Walters blamed inactivity for his defeat. The Axe Man hadn’t fought since getting ‘robbed’ of a victory against Jason Sosa in December 2015. He and Loma were supposed to fight earlier this year but Walters priced himself out of that bout. Lomachenko took a June 11 fight with Rocky Martinez and won his second world title.
But more than ring rust, it was ‘hi-tech’ that did it. Lomachenko’s footwork and movement were too good, they negated Walters’ power and length. Sure, Loma never faced a puncher like Walters, but Walters had never seen someone as technically good as Lomachenko. During the fight, Walters didn’t look like he was taking in serious damage ( except perhaps in Round 7 ). But if you take a look at the punch statistics, Lomachenko was annhilating Nicholas Walters round after round.
@RBRBoxing Walters was getting annihilated in the punch stats. #LomachenkoWalters pic.twitter.com/RB9DLcplcv
— Throwdown Scoring (@Throwdownscore) November 27, 2016
Compubox numbers ( taken from its mobile app Throwdown Scoring ) showed that Lomachenko at least doubled Walters punch output. Despite Walters having an eight inch reach advantage, Lomachenko out jabbed him 36-15. And despite Walters being the heavier puncher, Lomachenko outgunned him 78-34 in power punches.

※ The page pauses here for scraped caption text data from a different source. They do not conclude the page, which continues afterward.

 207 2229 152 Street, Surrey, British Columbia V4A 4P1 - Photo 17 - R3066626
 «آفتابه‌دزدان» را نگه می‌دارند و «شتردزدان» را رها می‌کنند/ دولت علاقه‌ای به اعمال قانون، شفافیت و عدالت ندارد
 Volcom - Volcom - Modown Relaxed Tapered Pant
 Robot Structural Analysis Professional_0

Lomachenko was below his average of 37.9% connect percentage at 26.1% last Saturday night. But he made Walters miss a lot, allowing the Axe Man to connect on just 18.6% of his total punches. Coming to the fight, Walters averaged 7.7 jabs and 21.6 total punches landed per round. He only landed a total of 15 jabs and 59 total punches in seven rounds against Vasyl Lomachenko. Loma’s domination was on full display in the 7th when he outlanded Walters 30-5 in total punches.
Loma Too Good?
Lomachenko is so good most of his fights look like mismatches. #LomachenkoWalters #lomachenko https://t.co/vlNdMyyBmL
— Boxing Kingdom (@BoxingKingdom14) November 27, 2016
Before the bout, Top Rank’s Bob Arum compared Lomachenko to Muhammad Ali. Well, that sounded self serving, considering old Bob promoted Loma. We often talk about Lomachenko’s 396-1 amateur record and him winning both the World Championships and Olympics on consecutive occassions but didn’t he lose to Orlando Salido in his second pro bout?

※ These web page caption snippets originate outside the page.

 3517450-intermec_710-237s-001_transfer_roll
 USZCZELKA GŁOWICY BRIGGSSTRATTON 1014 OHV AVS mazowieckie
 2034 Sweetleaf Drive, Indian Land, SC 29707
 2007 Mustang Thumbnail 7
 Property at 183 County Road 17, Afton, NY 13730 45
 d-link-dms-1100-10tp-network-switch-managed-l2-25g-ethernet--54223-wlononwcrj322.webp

However, the victory over Nicholas Walters only proves Lomachenko is the real deal, worthy of pound for pound recognition. Loma is so good, he made Walters looks so bad. Lomachenko made the fight appear like a seven round mismatch. Sure, Nicholas Walters can blame inactivity for his defeat. But as they say, ring rust is but a mental weakness and exists only if you don’t train hard enough.